__Material for this exercise__:
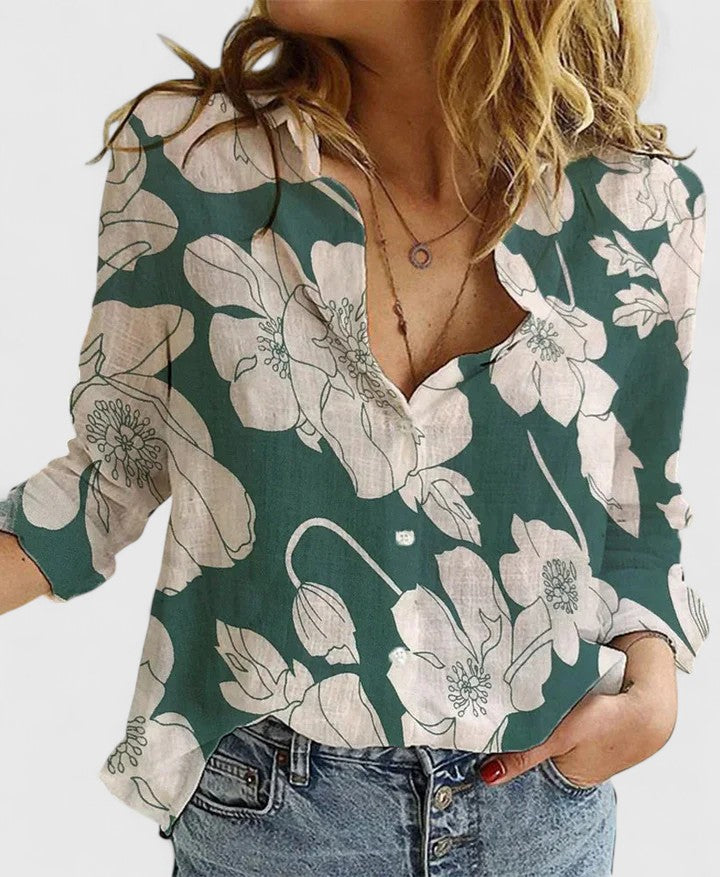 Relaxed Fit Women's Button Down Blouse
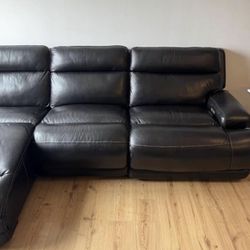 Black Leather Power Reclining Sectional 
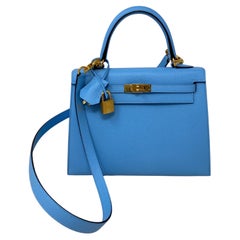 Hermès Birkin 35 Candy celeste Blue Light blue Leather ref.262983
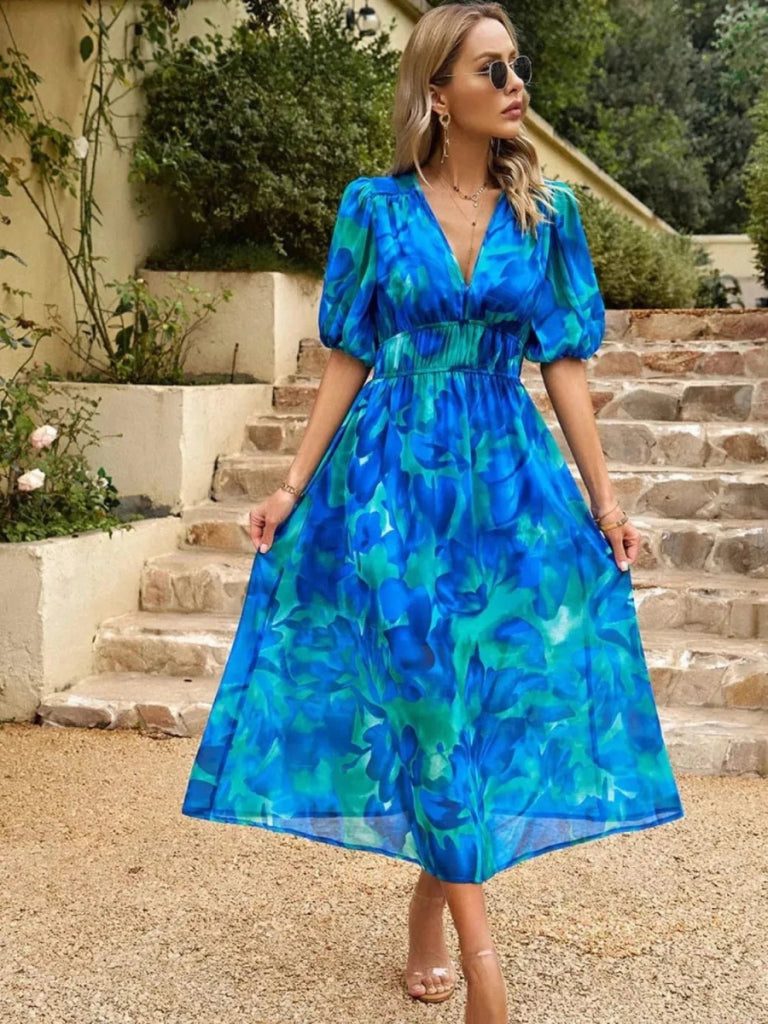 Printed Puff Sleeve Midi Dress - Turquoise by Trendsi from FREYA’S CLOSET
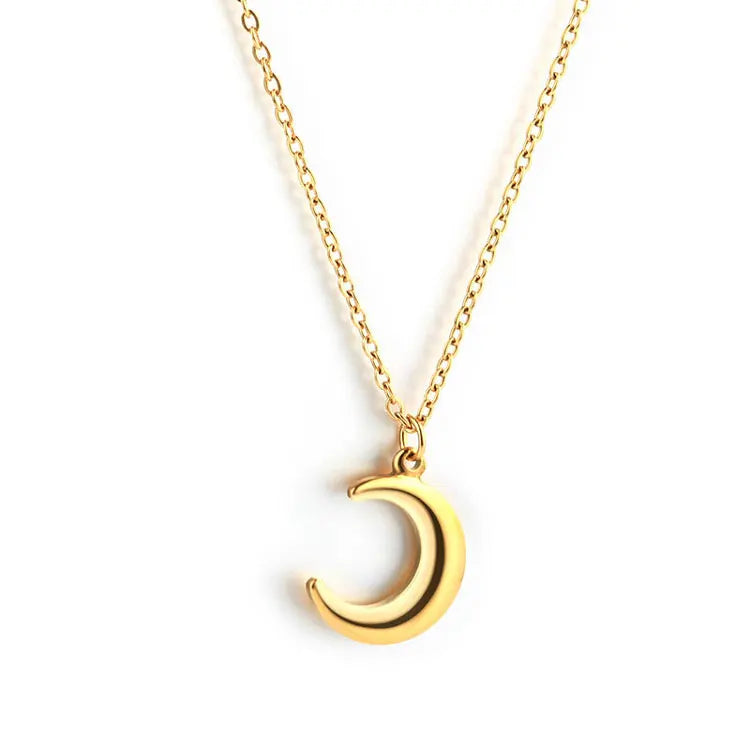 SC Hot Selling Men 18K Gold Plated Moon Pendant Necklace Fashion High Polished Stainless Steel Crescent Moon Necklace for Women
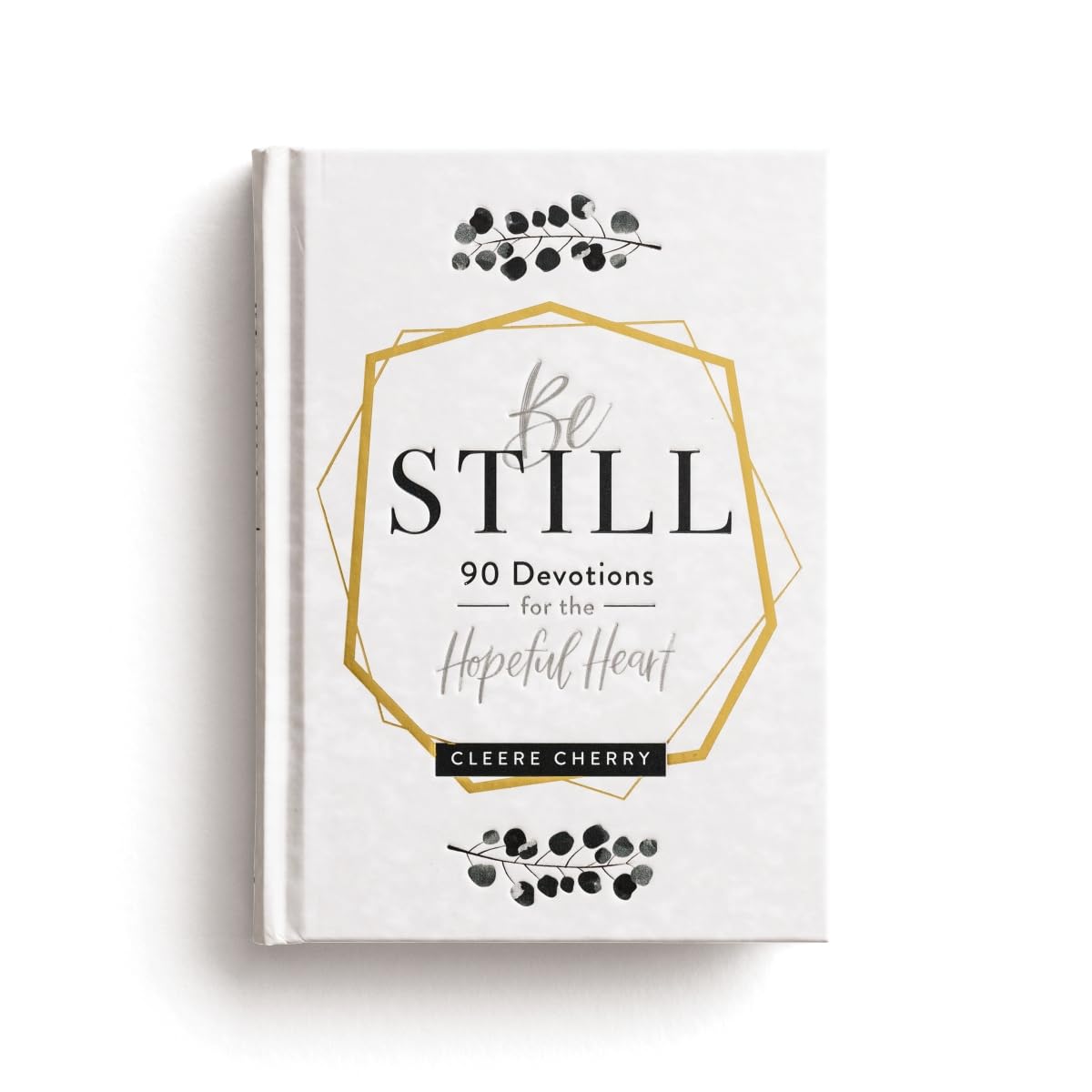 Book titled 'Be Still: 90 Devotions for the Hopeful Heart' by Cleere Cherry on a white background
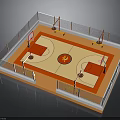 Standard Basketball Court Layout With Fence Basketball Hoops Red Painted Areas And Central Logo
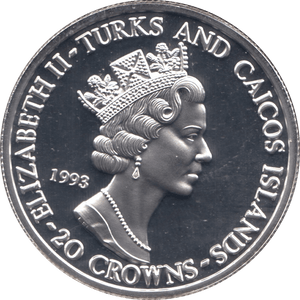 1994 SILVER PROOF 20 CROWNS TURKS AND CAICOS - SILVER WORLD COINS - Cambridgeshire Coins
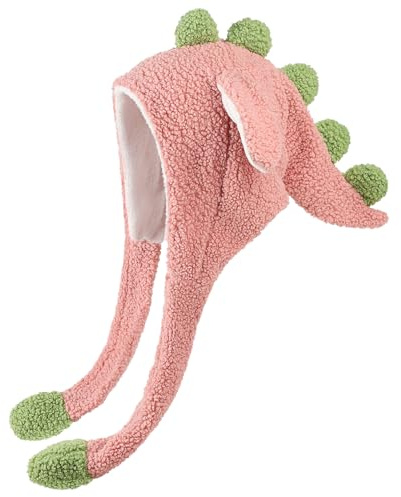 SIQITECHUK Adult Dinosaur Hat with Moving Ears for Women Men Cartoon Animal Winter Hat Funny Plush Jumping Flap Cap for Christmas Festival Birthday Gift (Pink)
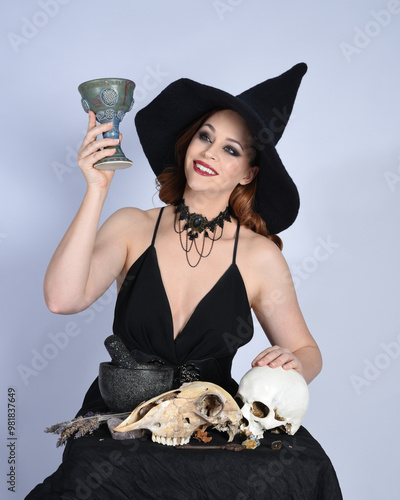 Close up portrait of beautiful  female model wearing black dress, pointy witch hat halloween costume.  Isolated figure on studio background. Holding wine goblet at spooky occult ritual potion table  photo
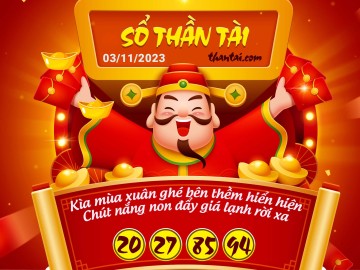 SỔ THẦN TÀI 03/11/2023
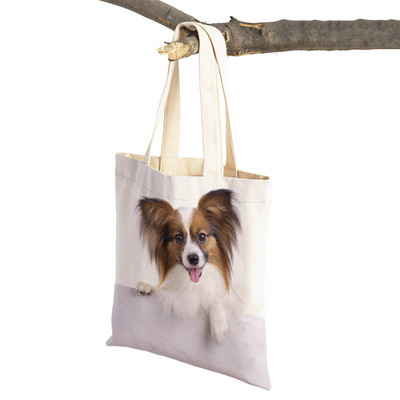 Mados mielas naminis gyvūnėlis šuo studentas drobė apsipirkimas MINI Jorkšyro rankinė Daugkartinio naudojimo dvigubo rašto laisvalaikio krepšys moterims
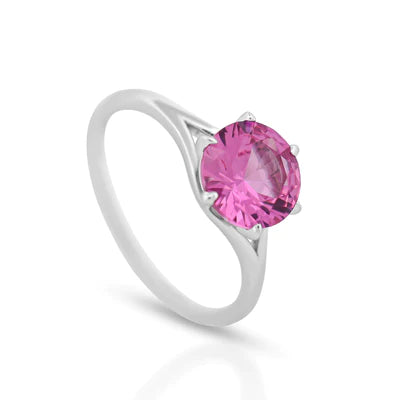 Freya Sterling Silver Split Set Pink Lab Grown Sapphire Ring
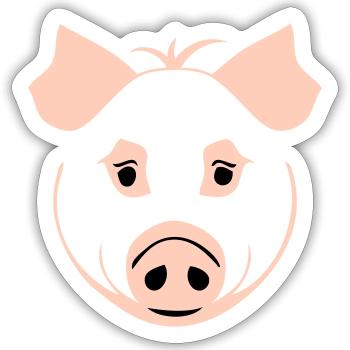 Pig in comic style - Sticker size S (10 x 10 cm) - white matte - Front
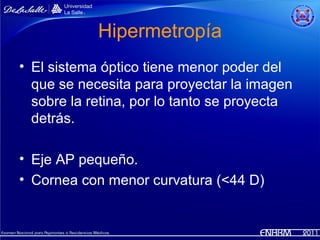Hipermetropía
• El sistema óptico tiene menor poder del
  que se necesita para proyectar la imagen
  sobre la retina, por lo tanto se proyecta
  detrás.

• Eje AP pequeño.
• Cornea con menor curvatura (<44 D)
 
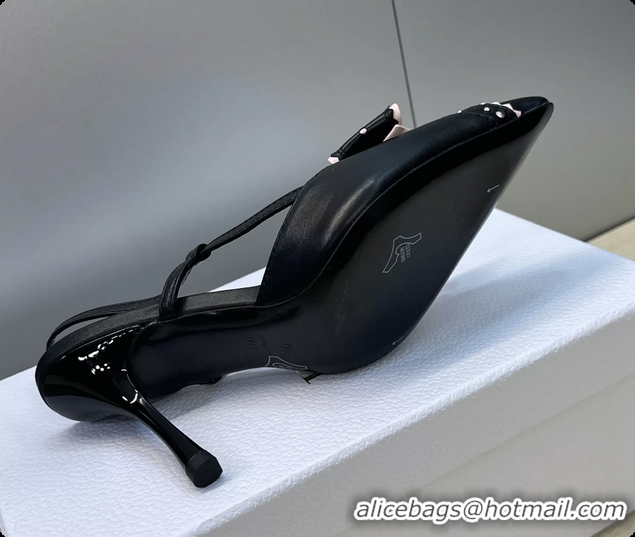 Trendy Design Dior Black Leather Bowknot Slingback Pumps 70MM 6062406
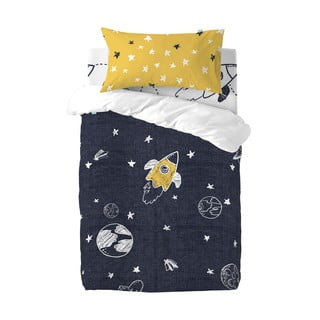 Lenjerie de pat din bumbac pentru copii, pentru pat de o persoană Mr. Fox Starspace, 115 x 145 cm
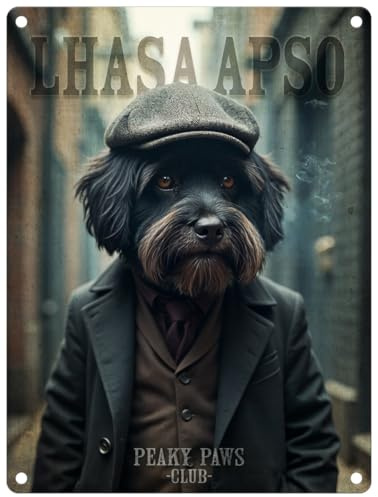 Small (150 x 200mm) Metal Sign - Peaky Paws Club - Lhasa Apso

__Work required__:
Working from the data above, repeat exactly, and only, the lines that begin at the line containing "1994 SILVER PROOF" and stop after the line containing "SIQITECHUK Adult Dinosaur"; pictures are not copied.

__Result for this exercise__:
 1994 SILVER PROOF 20 CROWNS TURKS AND CAICOS - SILVER WORLD COINS - Cambridgeshire Coins
 SIQITECHUK Adult Dinosaur Hat with Moving Ears for Women Men Cartoon Animal Winter Hat Funny Plush Jumping Flap Cap for Christmas Festival Birthday Gift (Pink)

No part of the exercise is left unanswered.